**PROBLEM DETAILS**
Would you copy, word for word, each line from the one with "Crawfish Season T" to the end of the listing below, skipping all pictures?

**DATA PROVIDED**
::::::
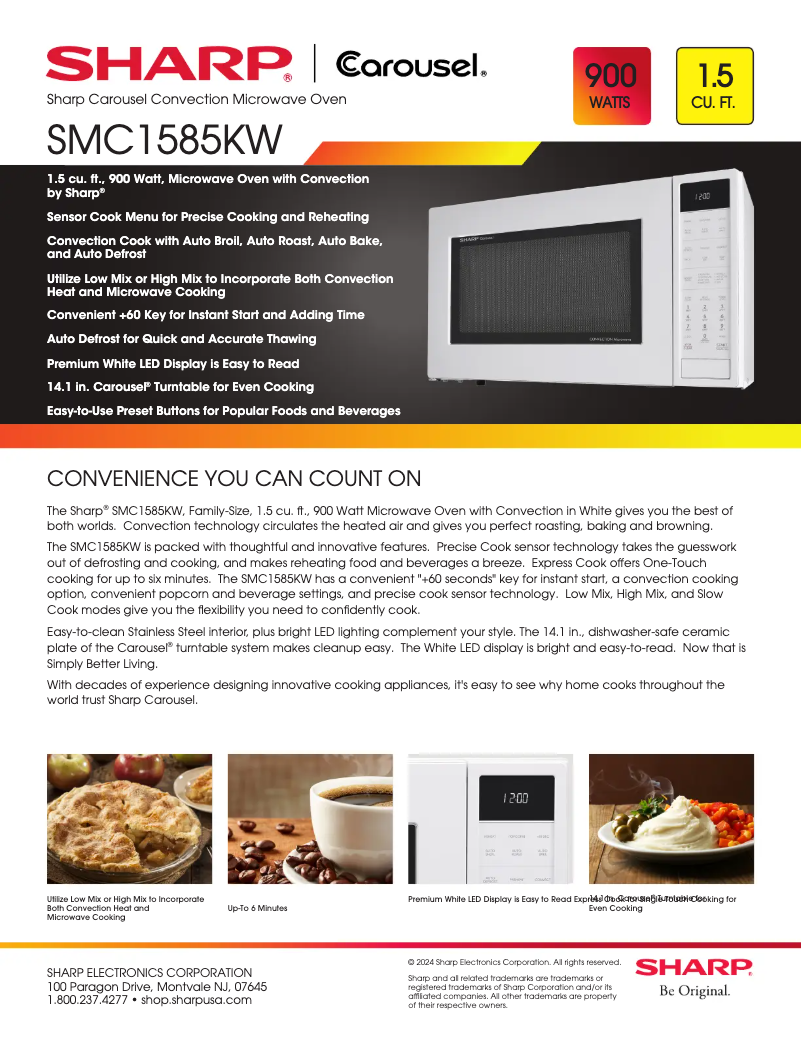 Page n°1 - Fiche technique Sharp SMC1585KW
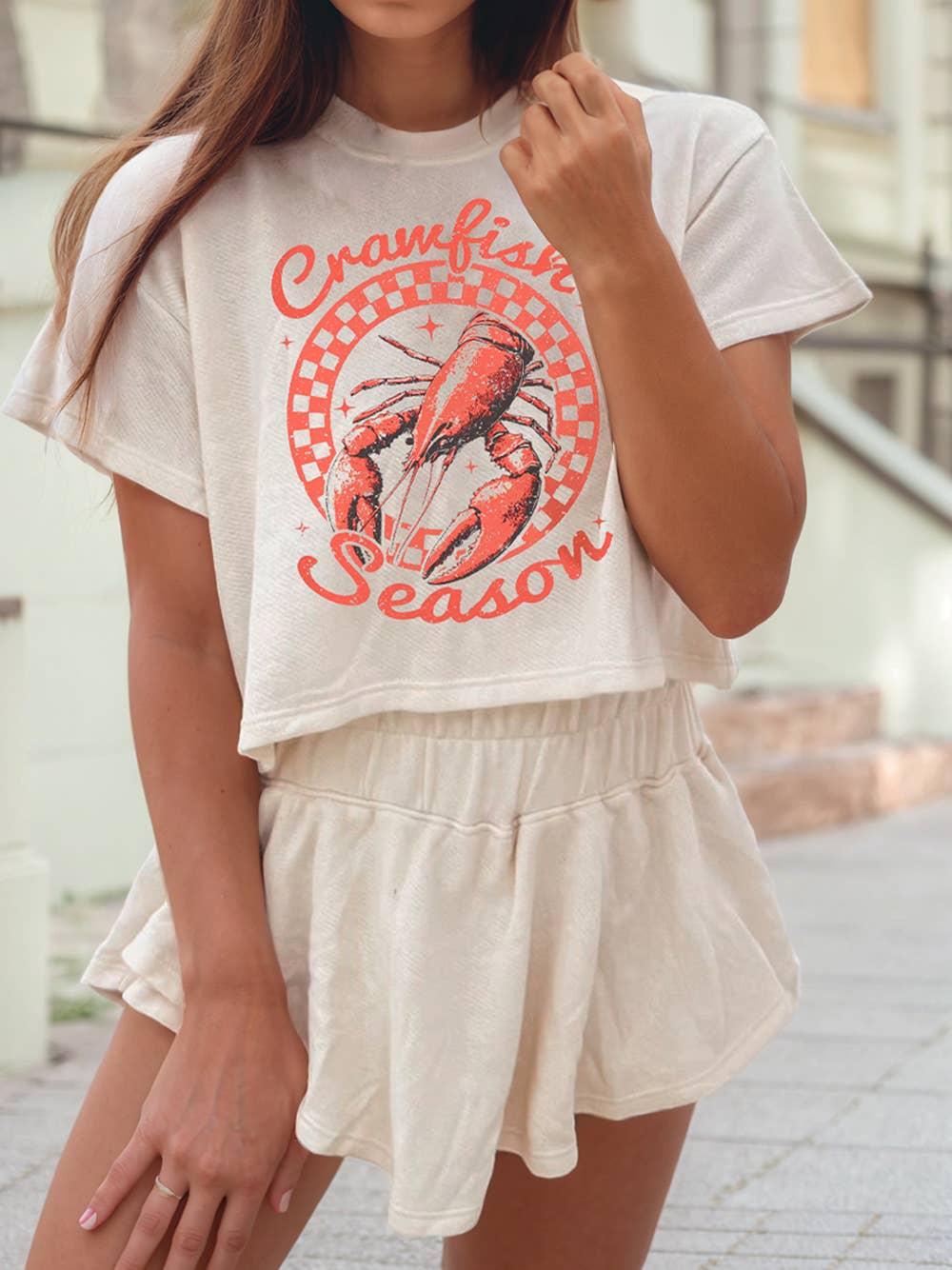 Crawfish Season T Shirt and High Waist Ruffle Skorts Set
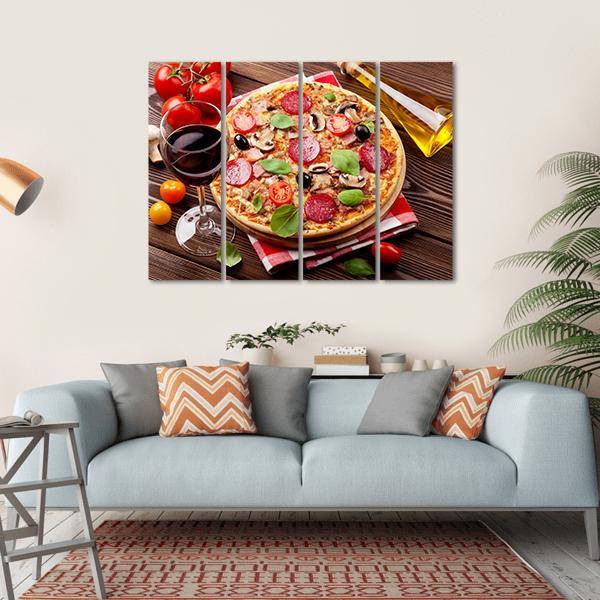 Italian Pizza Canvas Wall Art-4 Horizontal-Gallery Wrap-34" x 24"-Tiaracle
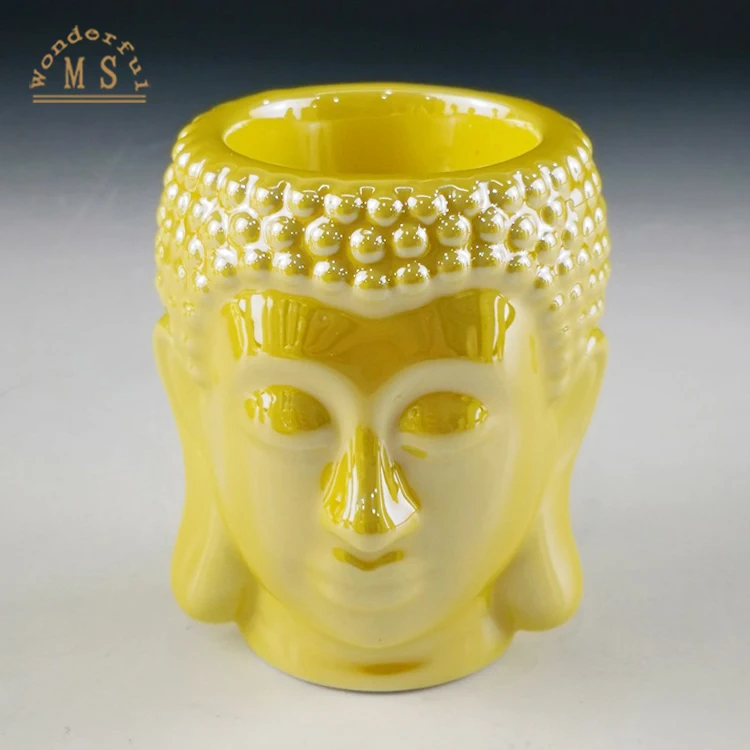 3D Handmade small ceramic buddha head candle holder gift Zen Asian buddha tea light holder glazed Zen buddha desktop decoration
::::::
**RESPONSE TO THIS TASK**
 Crawfish Season T Shirt and High Waist Ruffle Skorts Set
 Italian Pizza Canvas Wall Art-4 Horizontal-Gallery Wrap-34" x 24"-Tiaracle
 3D Handmade small ceramic buddha head candle holder gift Zen Asian buddha tea light holder glazed Zen buddha desktop decoration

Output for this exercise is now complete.